En el primer caso lo que obtengo es el placer de ver un partido de balompié. Aunque también podría estar solo dando rienda suelta mi frustración vital acumulada al ir al estadio a soltar berridos, poner a parir al árbitro y hacer el cafre. Un placer de dudoso pelaje. En el segundo caso, no obstante, dispongo de la indumentaria necesaria para obtener la gratificación de jugar al fútbol.
El placer se disfruta pero se agota, no nos reporta nada posteriormente, no acumulamos nada para el futuro; solo la emoción sentida durante la contienda, que necesariamente será breve y finalizará. Sin embargo, la gratificación no es exactamente placentera. Requiere esfuerzo, tener en mente un objetivo, poner en marcha recursos y aptitudes para alcanzarlo,... Pero a cambio, tras el partido, uno se siente satisfecho, se siente bien por el esfuerzo realizado. Mucho más si el resultado está a la altura de nuestras expectativas.
La distinción más interesante es que las actividades gratificantes SÍ nos reportan algo a posteriori. Nuestra forma física, emocional y mental mejora, y lo hace porque la hemos puesto en acción, la hemos practicado, entrenado si se quiere decir así. Hemos incrementado nuestros recursos psicológicos para el futuro. Aumentamos nuestro capital psicológico y promovemos el deseable crecimiento personal.
Eso sí. Estos conceptos, como todo en la vida, son relativos. Dependen de la intención o predisposición con que se realicen. No se trata solo del acto en sí, sino también de la actitud con que las desarrollamos. Quiero decir que comprarme la equipación, de por sí, no tiene por qué ser gratificante. Si me compro la indumentaria futbolística de Iniesta o Casillas para enmarcarla y colgarla en el salón de mi casa, estoy disfrutando de un placer pero no una gratificación. Lo será si la uso para jugar, para ejercitarme. Igualmente, si el dinero lo gasto en ir al estadio para inspirarme porque estoy escribiendo un artículo o novela sobre el asunto, o es una excusa para mantener una amistad personal, por poner dos ejemplos, entonces estoy poniendo en práctica fortalezas personales, las estoy desarrollando, de manera que tendría más de gratificación que de placer.

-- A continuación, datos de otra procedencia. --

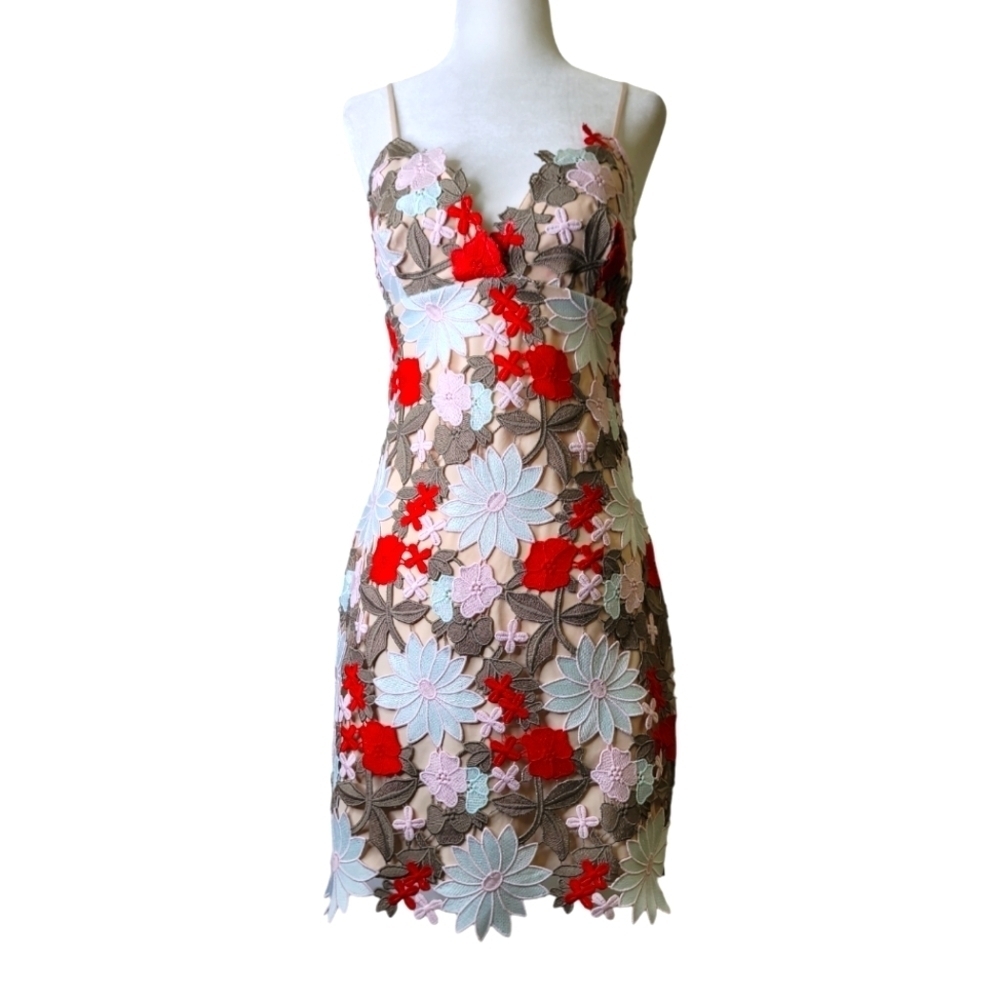 Guess embroidered patch Floral spaghetti strap mini/midi dress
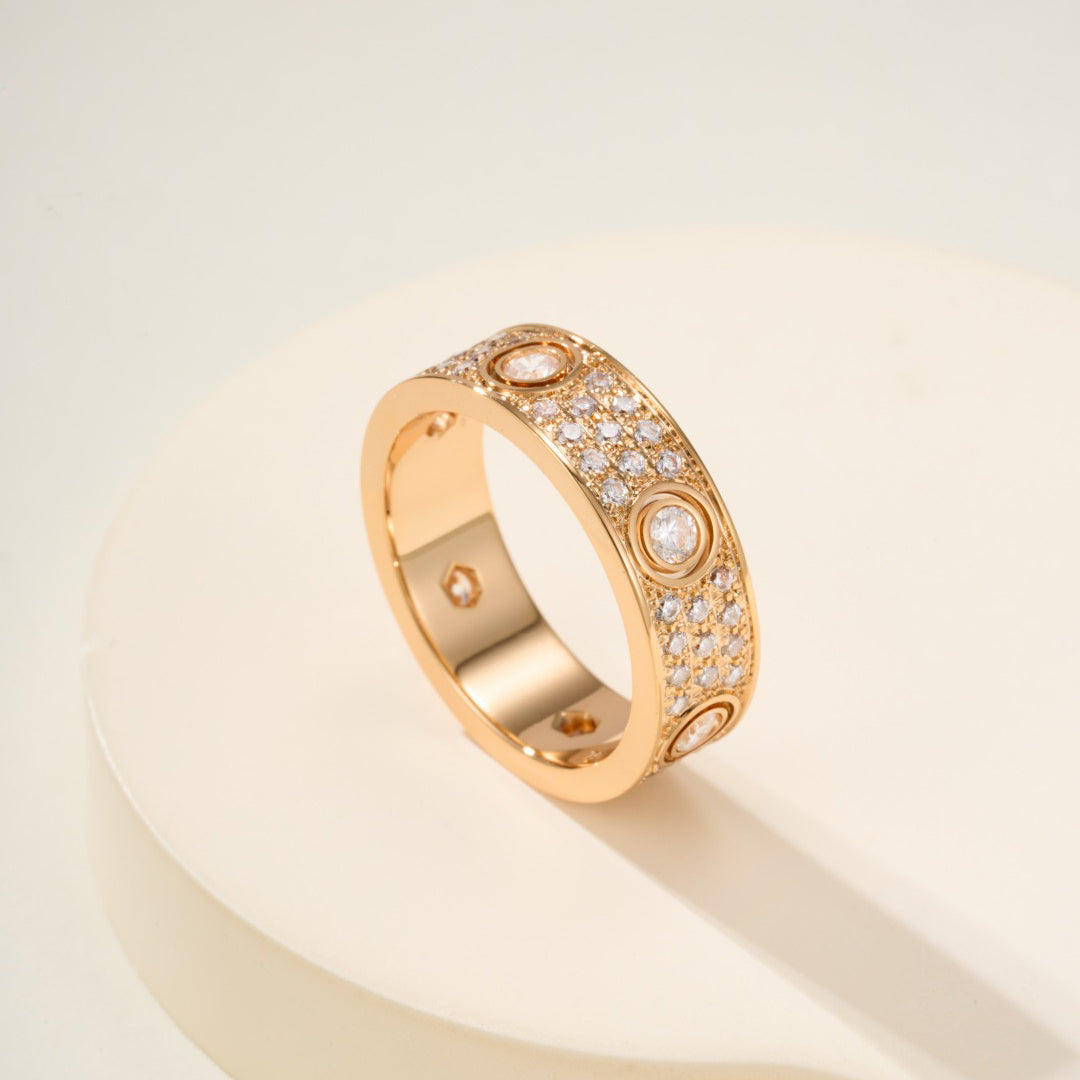 [Cadisa] LOVE 5.5MM FULL-PAVE 6-DIAMOND RING
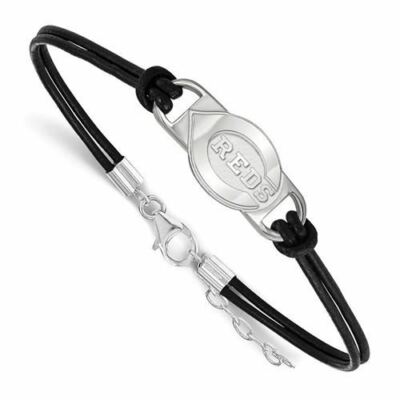 SS MLB Cincinnati Reds Black Leather 7 inch Bracelet with Extender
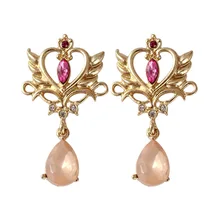 Красавица и Чудовище серьги для ушей Belle косплей ювелирные изделия Позолоченные Серьги гвоздики Роза сказочная роль в фильме реквизит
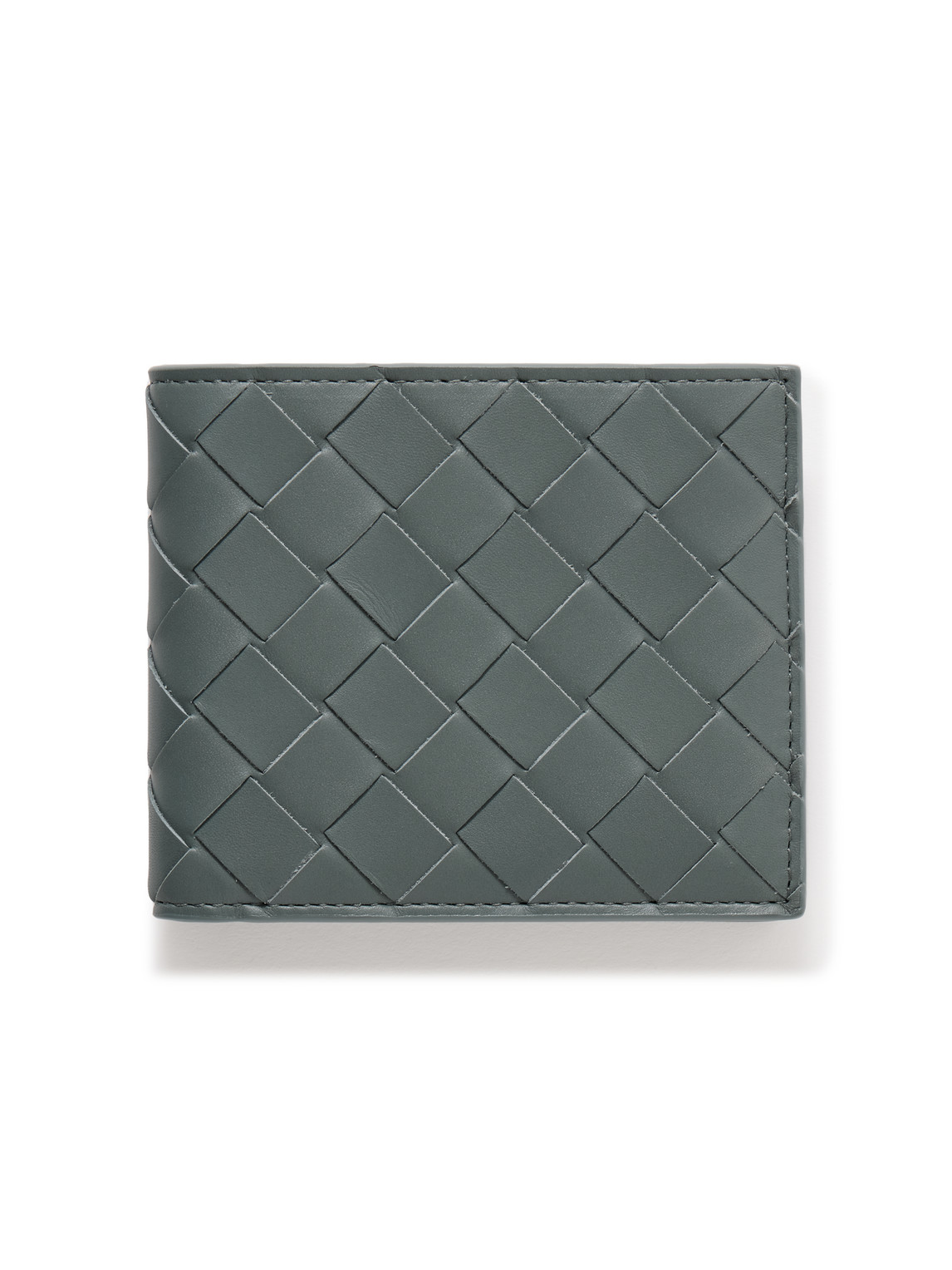 Bottega Veneta Intrecciato Leather Billfold Wallet In Gray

Hecha la salvedad de que disfrutar (con moderación) de los placeres forma parte de nuestro bienestar psicológico, hay que matizar que satisfacer a toda costa nuestros apetitos tiene más que ver con la comodidad o el orgullo mal entendido (arrogancia o prepotencia) que con la felicidad real. Complacernos en la obtención de nuestros deseos, obtener cuantos placeres puedan imaginarse, nos conduce más a la molicie que al bienestar personal. Y la comodidad no nos hace crecer como personas, porque no nos enseña nada… salvo a ser más cómodos aún.